La démarche est chamanique : le meurtre permet la liaison avec les dieux ; il fallait sacrifier pour le dieu du feu, celui de la pluie, celui des eaux, pour empêcher la fin du monde, etc.
On est dans le fétiche du sang versé. Pour cette raison, l’automutilation était également une tradition. Donner son sang, c’était se mettre en contact avec les dieux. Les automutilations visaient à faire couler le sang, dans la douleur et c’est là qu’on retrouve, comme pendant, la consommation de produits hallucinogènes.
Il faut ajouter à cela un nombre significatif de superstitions : valoriser le fait de loucher au point de faire tenir un pendentif devant les yeux des bébés, pratiquer les modifications corporelles comme les scarifications, etc.

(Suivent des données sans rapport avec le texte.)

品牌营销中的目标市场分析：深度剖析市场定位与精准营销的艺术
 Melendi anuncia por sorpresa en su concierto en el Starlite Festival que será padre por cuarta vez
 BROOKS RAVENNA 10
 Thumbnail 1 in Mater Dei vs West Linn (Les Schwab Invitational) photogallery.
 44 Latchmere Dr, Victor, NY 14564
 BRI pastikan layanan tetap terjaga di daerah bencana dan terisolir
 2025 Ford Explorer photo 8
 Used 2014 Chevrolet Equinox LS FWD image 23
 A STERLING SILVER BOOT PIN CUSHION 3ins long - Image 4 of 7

C’est là qu’on voit que la société aztèque était un patriarcat abouti, mais sans profiter de la domestication des animaux de manière suffisante, puisqu’il n’y avait pas d’animaux de trait ni d’élevage d’animaux autre que des poules et perdrix, de manière artisanale.
La société aztèque était condamnée à halluciner, par les drogues, et par le sang versé. C’était une société condamnée historiquement.
C’est en ce sens que l’exemple aztèque doit être étudié, en ce que son effondrement immédiat par les conquistadors indique que les massacres, mutilations et automutilations forcenées de la civilisation mésoaméricaine témoigne d’une humanité qui est encore en roue libre tant qu’il n’y a pas l’agriculture et la domestication des animaux.
Et la combinaison dialectique de l’agriculture et de la domestication des animaux conduit à l’instauration du monothéisme.